### Assignment
The line with "Bild 3: Süsse" marks the first line to copy, and the line with "Toxics 10 00535 g003" marks the last. Transcribe that stretch of the data below exactly, without pictures.

▬▬▬▬▬▬

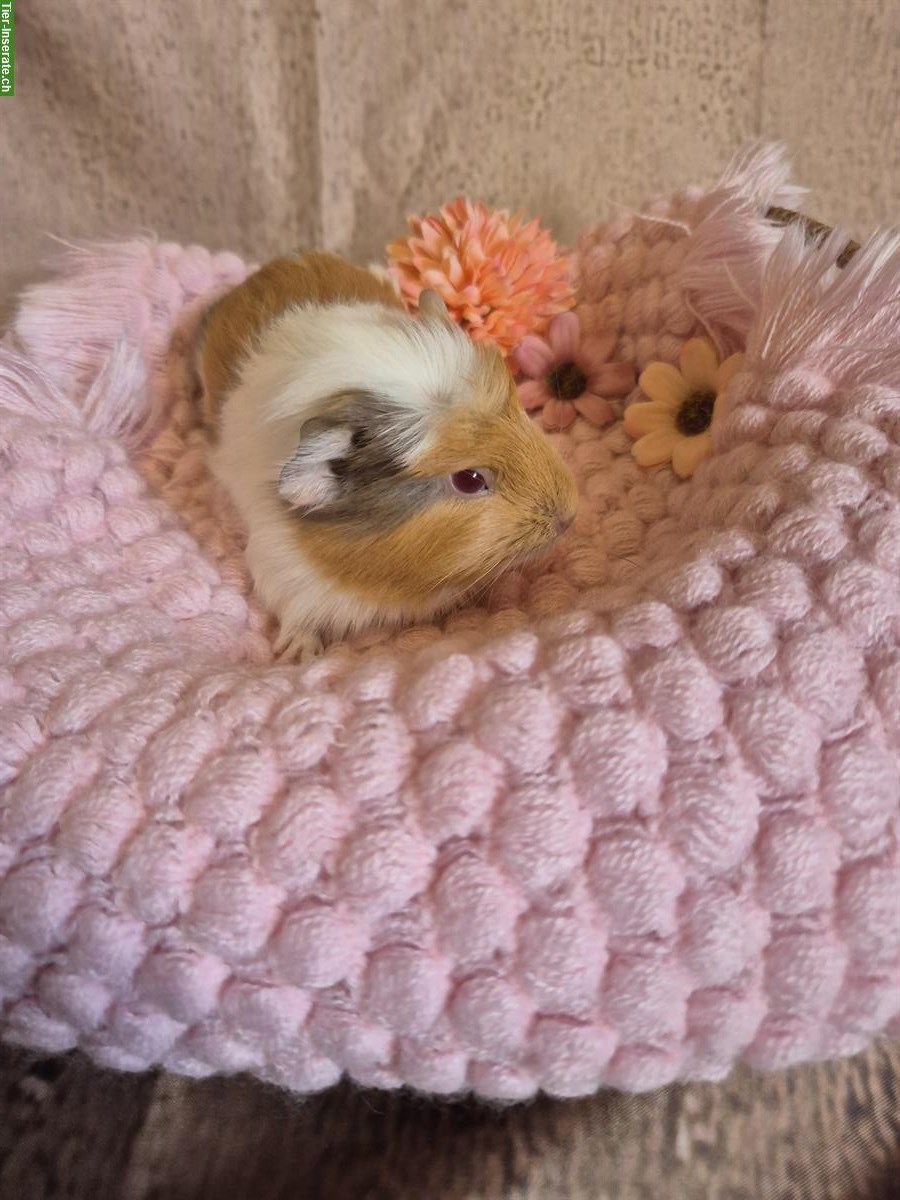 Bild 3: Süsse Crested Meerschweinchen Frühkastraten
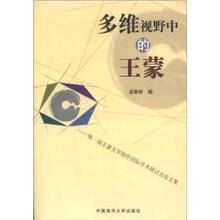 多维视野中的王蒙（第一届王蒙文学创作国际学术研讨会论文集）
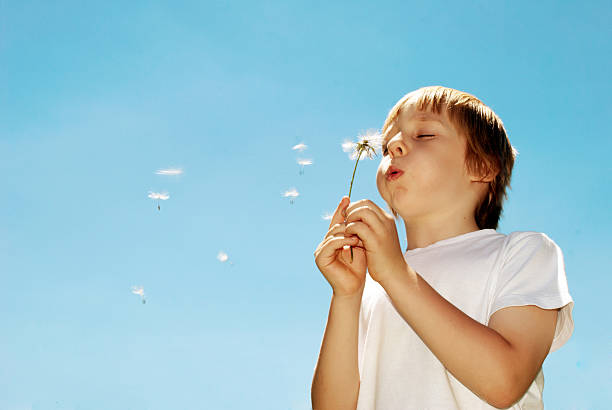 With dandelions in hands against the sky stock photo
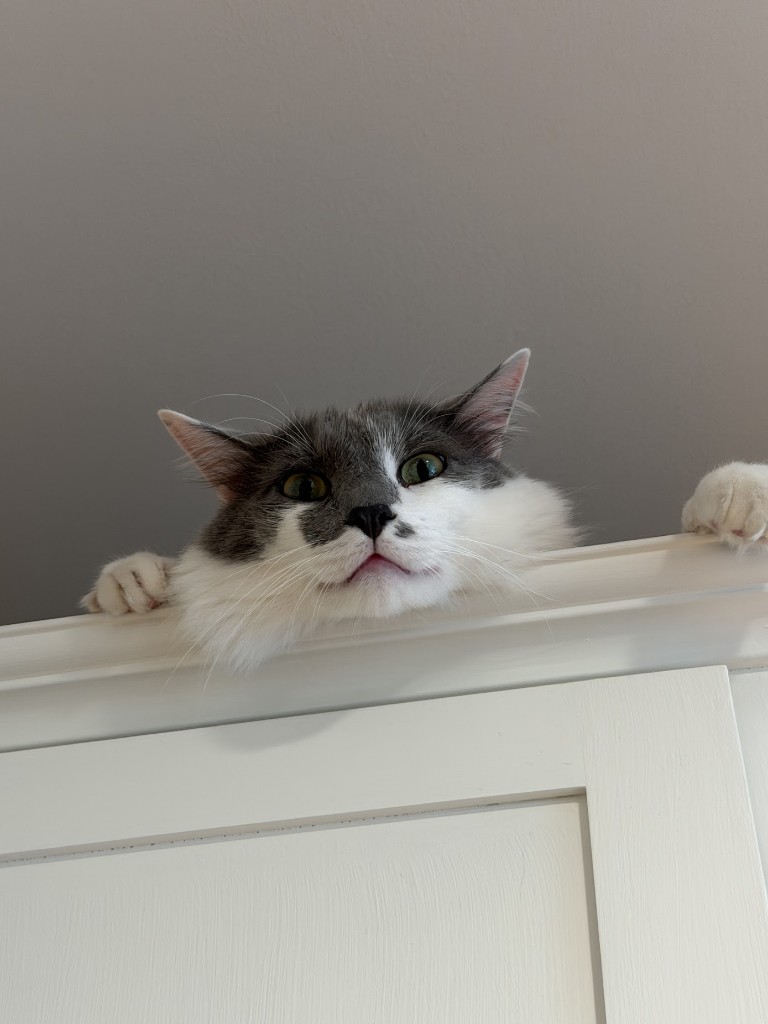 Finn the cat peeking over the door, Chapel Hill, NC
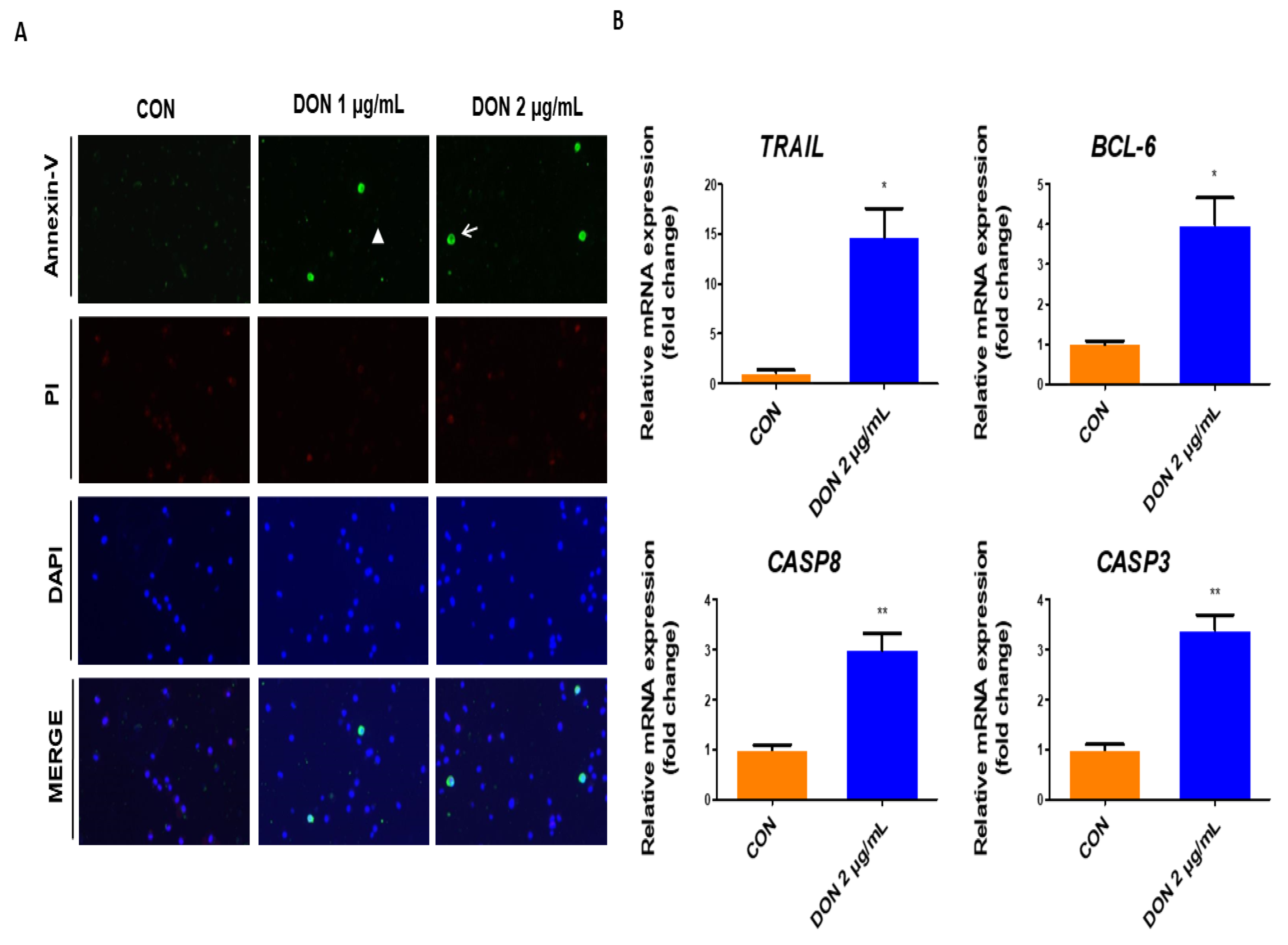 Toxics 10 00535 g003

▬▬▬▬▬▬

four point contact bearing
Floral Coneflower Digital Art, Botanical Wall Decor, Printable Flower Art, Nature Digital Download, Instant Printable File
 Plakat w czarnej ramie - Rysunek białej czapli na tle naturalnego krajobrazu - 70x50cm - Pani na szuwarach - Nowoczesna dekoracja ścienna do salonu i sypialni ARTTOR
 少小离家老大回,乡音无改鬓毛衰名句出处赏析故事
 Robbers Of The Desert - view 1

▬▬▬▬▬▬

### Exercise answer
 Bild 3: Süsse Crested Meerschweinchen Frühkastraten
 多维视野中的王蒙（第一届王蒙文学创作国际学术研讨会论文集）
 With dandelions in hands against the sky stock photo
 Finn the cat peeking over the door, Chapel Hill, NC
 Toxics 10 00535 g003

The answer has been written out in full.